===== SOURCE MATERIAL

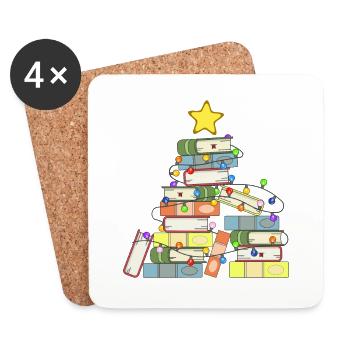 Bookish Christmas Tree I - Coasters (set of 4) - white - Front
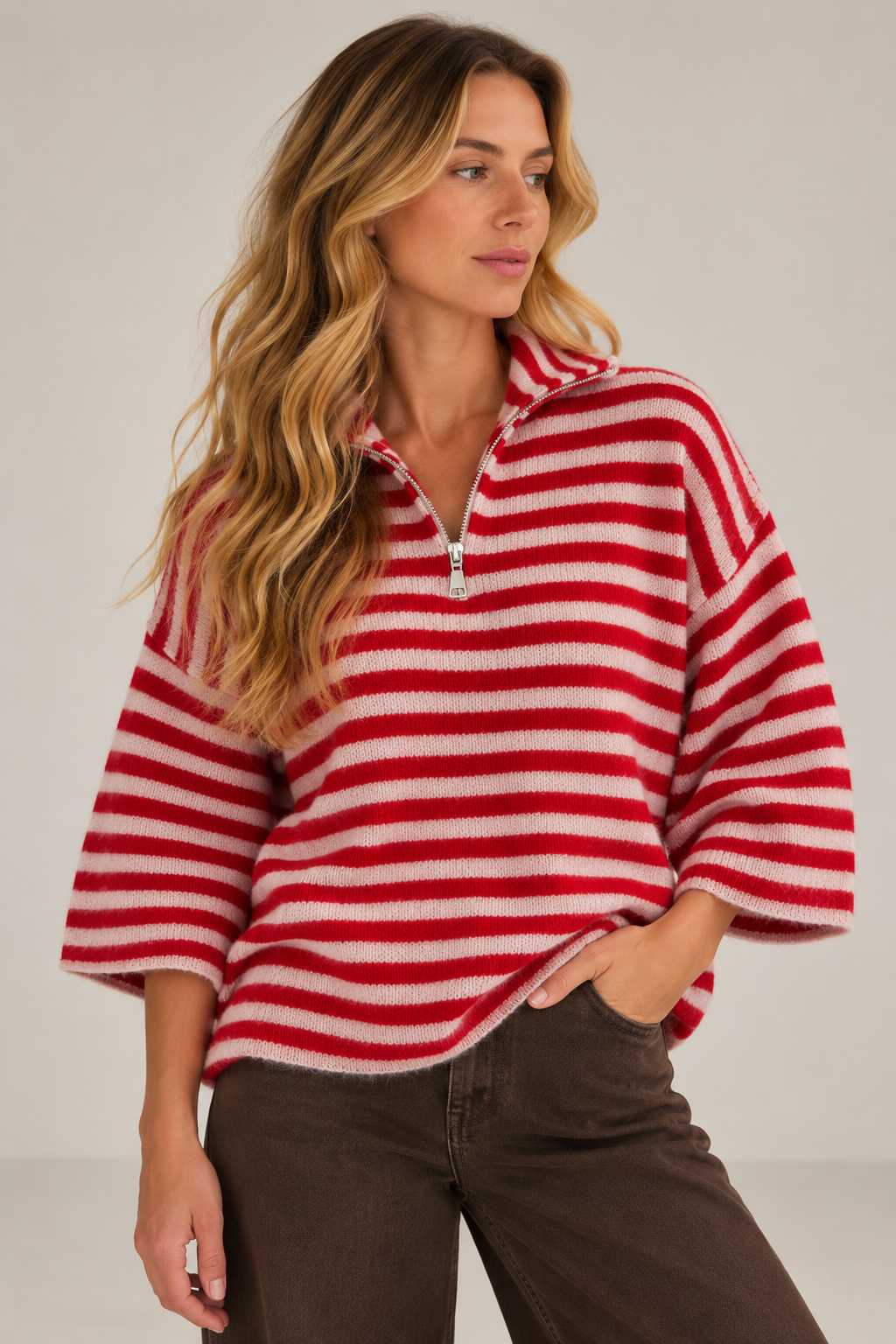 Half Zip Stripe Knit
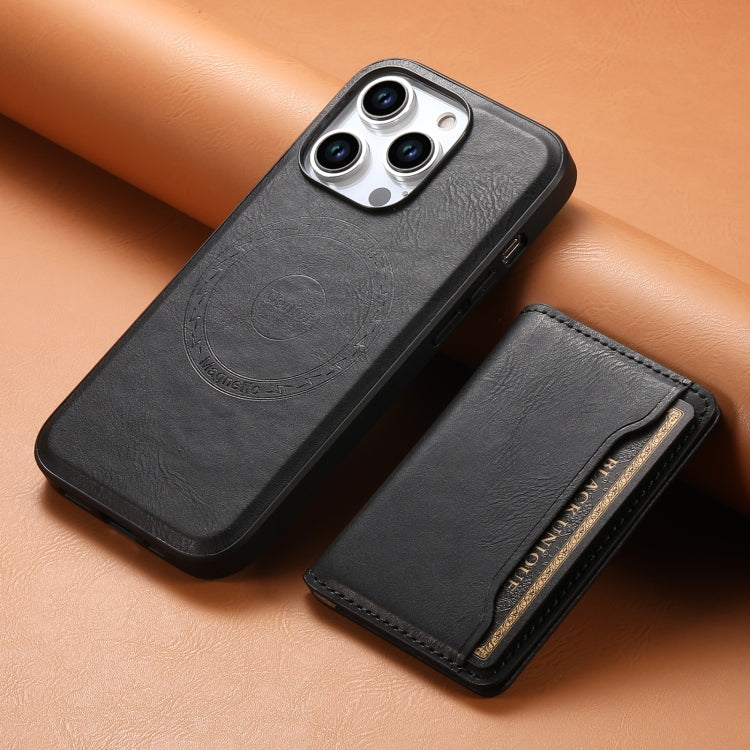 For iPhone 14 Denior Cowhide Texture Leather MagSafe Detachable Wallet Phone Case(Black) - iPhone 14 Cases by Denior | Online Shopping South Africa | PMC Jewellery | Buy Now Pay Later Mobicred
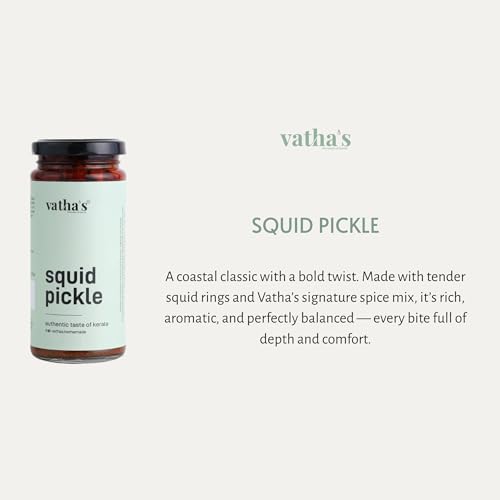 Image of Vathas Squid Pickle | Traditional Kerala Style Koonthal Achar | Spicy & Tangy Seafood Pickle | Homemade Taste | No Artificial Preservatives | 225g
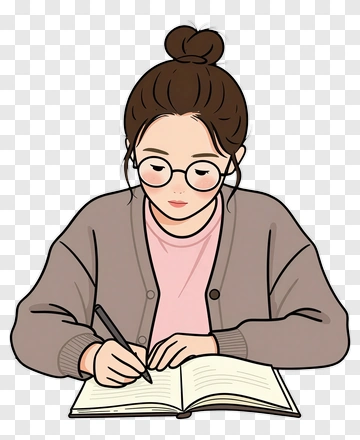 Woman Studying At Desk PNG
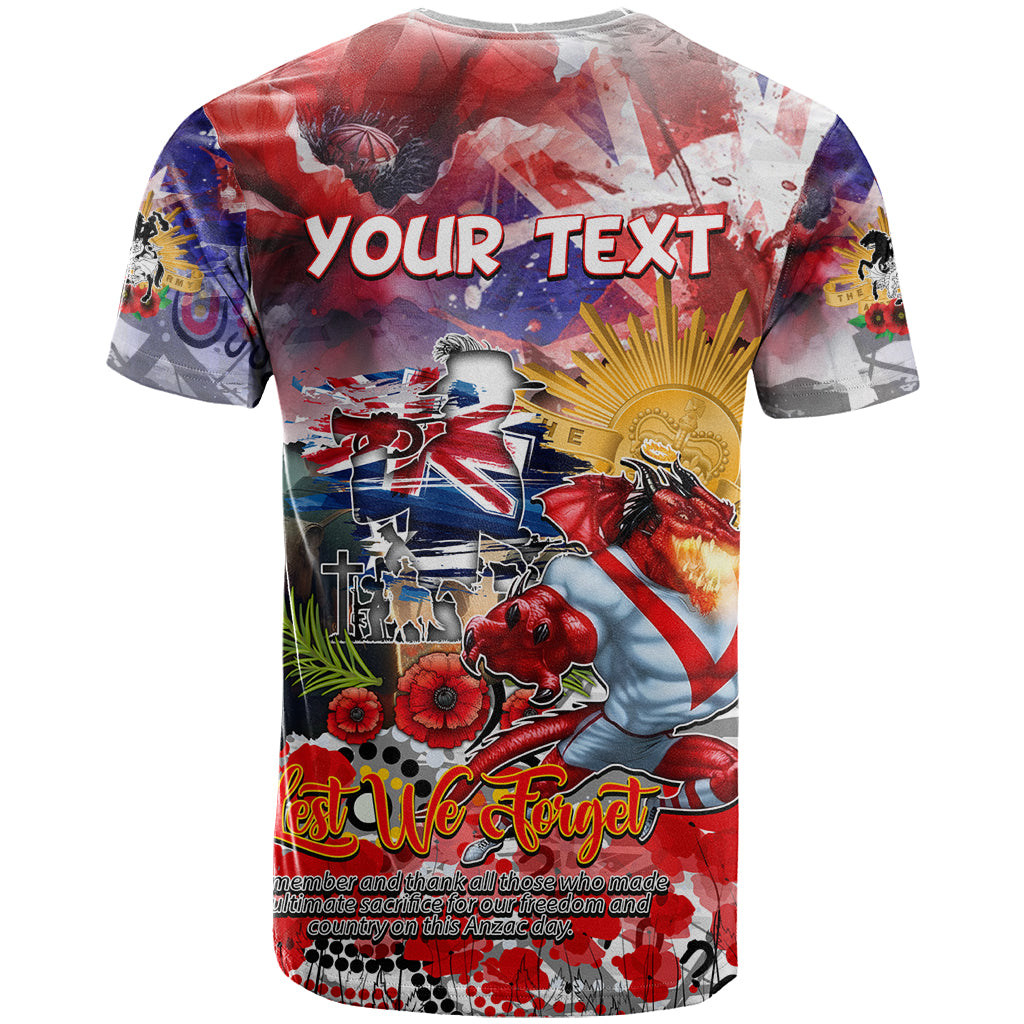 Personalised Australia Rugby Dragons ANZAC T Shirt St George Illawarra Scratch Style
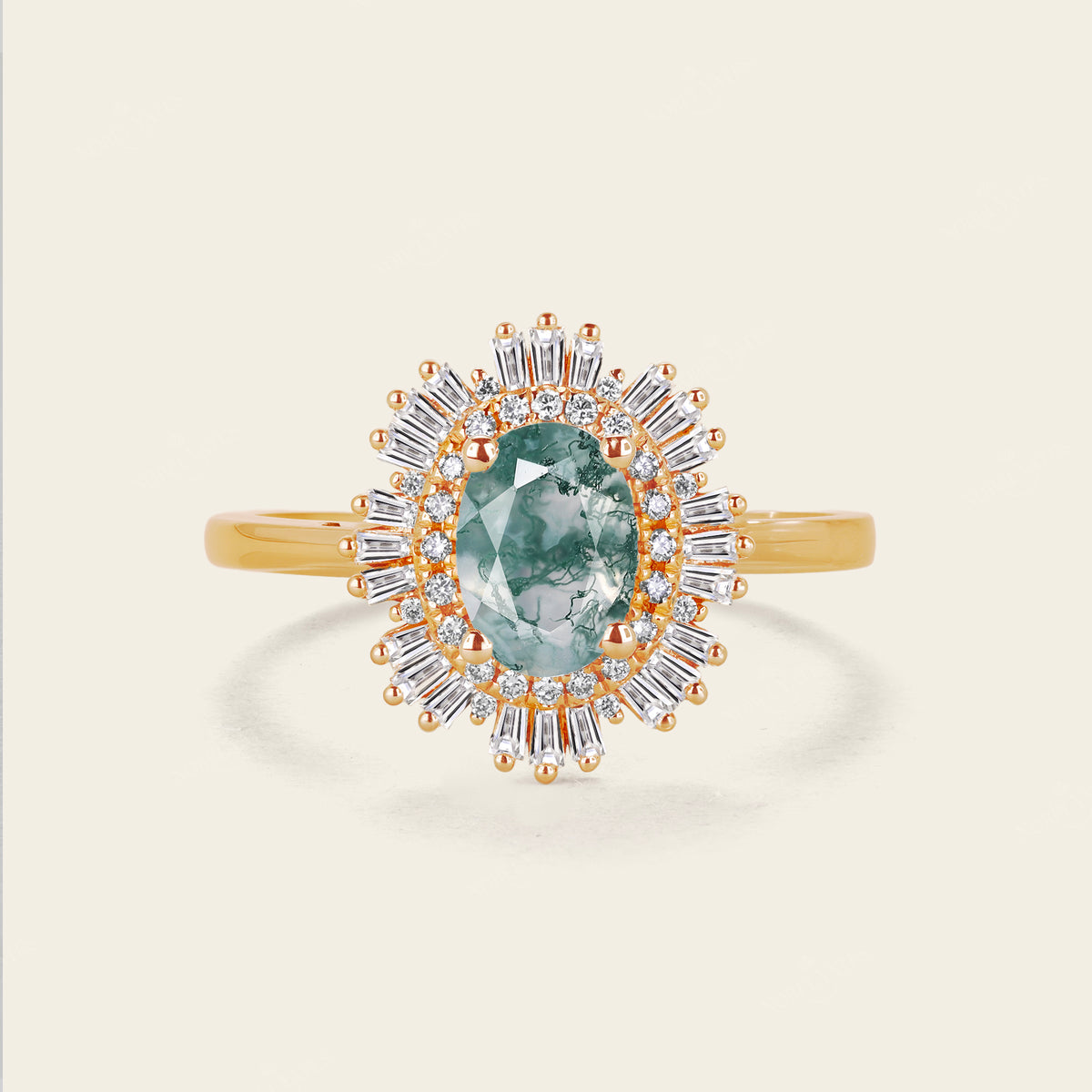 Art Deco Oval Moss Agate Halo Engagement Ring Rose Gold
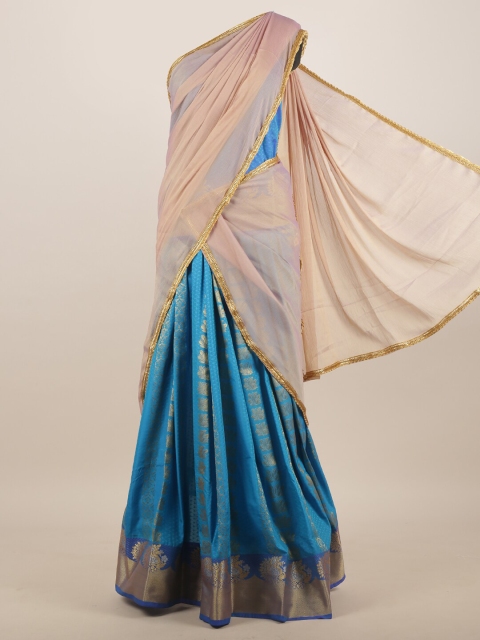 

Pothys Cream & Blue Woven Design Zari Traditional Half Saree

==========

ACTIVITY: Set out exactly, and only, the lines between the first line of the listing and the line containing "Woman Studying At Desk PNG", counting both, while leaving every picture out.

EXERCISE RESULT:
 Bookish Christmas Tree I - Coasters (set of 4) - white - Front
 Half Zip Stripe Knit
 For iPhone 14 Denior Cowhide Texture Leather MagSafe Detachable Wallet Phone Case(Black) - iPhone 14 Cases by Denior | Online Shopping South Africa | PMC Jewellery | Buy Now Pay Later Mobicred
 Image of Vathas Squid Pickle | Traditional Kerala Style Koonthal Achar | Spicy & Tangy Seafood Pickle | Homemade Taste | No Artificial Preservatives | 225g
 Woman Studying At Desk PNG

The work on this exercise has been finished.